6 thoughts on “Filtering numbers faster with SVE on Graviton 3 processors”

  1. Thank you both for doing this work!

    I was rather impressed with SVE and thought of it as a clearly superior vector instruction set. Having to do manual loop unrolling for performance would negate much of what makes SVE such a nice instruction set.

    It is notable, however, that the problem you benchmarked is basically two instructions, plus a load/store pair, plus loop overhead. Most actual code I deal with is much larger, reducing the relative cost of the loop overhead. That also reduces the benefit of loop unrolling and I would typically not bother.

    Even if some loops are as simple as your example, they typically don’t dominate runtime and one should concentrate more on other code. So after my initial shock, I don’t think this is such a big problem for SVE.

    Still, good to know how about such problems. Thank you for highlighting them!

    1. I would disagree that small loops like this are uncommon.

      Small loops like this are common, and form the basis for optimized versions of common library routines like memcpy, strlen, memchr, and routines in higher level languages, etc. They also form important primitives in applications like databases where you might wish to take the bitwise AND or OR of two bitmaps, etc.

      Furthermore, small loops are the ones where you stand the best chance of getting a good auto-vectorization out of the compiler, further increasing their importance under vectorization.

      In my experience there is a *huge* amount to gain from modest unrolls of 2-8 iterations of many real-world vectorized (and not vectorized) loops, even without SVE.

      1. Indeed! Being able to handle small buffer tail of an otherwise unrolled loop with a few predicated SVE instructions is much cleaner than having to fall back to scalar code.

        For large inputs, unrolling can definitely be beneficial; not only do you reduce the proportion of instructions that are doing the loop handling, in many cases you can reduce the dependencies between instructions (e.g. if instructions in the body of the loop depends on the loop counter, you can end up serializing on updates to the loop counter, reducing the ability to take advantage of instruction-level-parallelism).
        These benefits are independent of the instruction set, provided you have enough registers to play with.

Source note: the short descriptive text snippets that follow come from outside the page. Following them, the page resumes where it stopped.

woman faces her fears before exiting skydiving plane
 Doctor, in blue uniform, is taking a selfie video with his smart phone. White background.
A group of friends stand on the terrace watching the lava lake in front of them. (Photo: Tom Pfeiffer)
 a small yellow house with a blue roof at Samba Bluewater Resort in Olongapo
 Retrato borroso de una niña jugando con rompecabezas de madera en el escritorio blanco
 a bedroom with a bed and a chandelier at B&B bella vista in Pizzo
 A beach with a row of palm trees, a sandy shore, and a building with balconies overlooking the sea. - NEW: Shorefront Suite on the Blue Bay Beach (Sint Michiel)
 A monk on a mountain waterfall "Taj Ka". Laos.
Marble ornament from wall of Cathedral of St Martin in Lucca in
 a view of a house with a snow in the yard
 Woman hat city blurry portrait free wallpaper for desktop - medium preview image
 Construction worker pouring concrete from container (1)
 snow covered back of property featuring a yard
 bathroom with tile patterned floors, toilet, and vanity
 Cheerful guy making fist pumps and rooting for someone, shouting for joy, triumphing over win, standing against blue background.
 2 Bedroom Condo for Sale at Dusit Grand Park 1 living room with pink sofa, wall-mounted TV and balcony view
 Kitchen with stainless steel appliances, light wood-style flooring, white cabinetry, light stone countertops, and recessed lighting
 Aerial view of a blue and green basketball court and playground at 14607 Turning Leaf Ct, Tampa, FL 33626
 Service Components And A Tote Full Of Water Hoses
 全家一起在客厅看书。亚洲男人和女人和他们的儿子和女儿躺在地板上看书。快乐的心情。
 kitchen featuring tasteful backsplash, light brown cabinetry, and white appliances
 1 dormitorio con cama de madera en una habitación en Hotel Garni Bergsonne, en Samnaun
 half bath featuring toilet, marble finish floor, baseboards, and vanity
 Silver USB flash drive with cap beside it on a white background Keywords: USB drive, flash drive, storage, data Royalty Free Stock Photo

        In this case it also a benefit because the throughput of predicate handling instructions appears to be limited for the V1, and in the unrolled loop we can make assumptions to reduce proportion of instructions that use this critical resource.

        I think ideally compilers would be able to automatically do this sort of unrolling of SVE code in the future (whether autovectorized or intrinsics).